→ TASK: From the first line onward, reproduce the records exactly; the final line to include is the one holding "Mission Hammocks –".

(Records contained in a dataset)

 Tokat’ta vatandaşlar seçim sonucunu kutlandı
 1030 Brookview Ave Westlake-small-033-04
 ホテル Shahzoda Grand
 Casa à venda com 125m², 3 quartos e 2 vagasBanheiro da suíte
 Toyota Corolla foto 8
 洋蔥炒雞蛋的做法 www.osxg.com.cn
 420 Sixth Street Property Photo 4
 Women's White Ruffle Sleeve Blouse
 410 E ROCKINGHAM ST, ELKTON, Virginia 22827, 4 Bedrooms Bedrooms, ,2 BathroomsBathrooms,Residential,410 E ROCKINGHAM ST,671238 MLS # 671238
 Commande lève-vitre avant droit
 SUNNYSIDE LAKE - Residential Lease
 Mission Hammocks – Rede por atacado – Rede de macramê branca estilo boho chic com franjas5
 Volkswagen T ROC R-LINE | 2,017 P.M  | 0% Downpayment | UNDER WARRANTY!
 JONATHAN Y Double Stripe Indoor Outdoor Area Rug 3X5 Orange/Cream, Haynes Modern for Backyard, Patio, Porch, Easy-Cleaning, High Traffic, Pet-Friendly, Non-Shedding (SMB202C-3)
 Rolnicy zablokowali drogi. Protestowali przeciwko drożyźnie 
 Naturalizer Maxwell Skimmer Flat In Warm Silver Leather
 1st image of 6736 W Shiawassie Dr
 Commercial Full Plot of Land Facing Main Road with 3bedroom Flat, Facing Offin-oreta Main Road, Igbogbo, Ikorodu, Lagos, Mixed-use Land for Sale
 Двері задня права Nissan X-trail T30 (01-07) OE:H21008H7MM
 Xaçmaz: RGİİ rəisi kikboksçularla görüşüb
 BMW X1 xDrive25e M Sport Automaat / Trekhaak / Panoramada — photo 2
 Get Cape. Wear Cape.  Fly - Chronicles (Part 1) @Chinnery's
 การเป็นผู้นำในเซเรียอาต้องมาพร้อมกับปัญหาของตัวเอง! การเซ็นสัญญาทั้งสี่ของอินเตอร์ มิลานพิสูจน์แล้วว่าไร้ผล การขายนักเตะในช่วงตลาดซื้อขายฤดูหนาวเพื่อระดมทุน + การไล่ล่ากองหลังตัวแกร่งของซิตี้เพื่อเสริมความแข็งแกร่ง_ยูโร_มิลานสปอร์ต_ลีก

→ TASK ANSWER:
 Tokat’ta vatandaşlar seçim sonucunu kutlandı
 1030 Brookview Ave Westlake-small-033-04
 ホテル Shahzoda Grand
 Casa à venda com 125m², 3 quartos e 2 vagasBanheiro da suíte
 Toyota Corolla foto 8
 洋蔥炒雞蛋的做法 www.osxg.com.cn
 420 Sixth Street Property Photo 4
 Women's White Ruffle Sleeve Blouse
 410 E ROCKINGHAM ST, ELKTON, Virginia 22827, 4 Bedrooms Bedrooms, ,2 BathroomsBathrooms,Residential,410 E ROCKINGHAM ST,671238 MLS # 671238
 Commande lève-vitre avant droit
 SUNNYSIDE LAKE - Residential Lease
 Mission Hammocks – Rede por atacado – Rede de macramê branca estilo boho chic com franjas5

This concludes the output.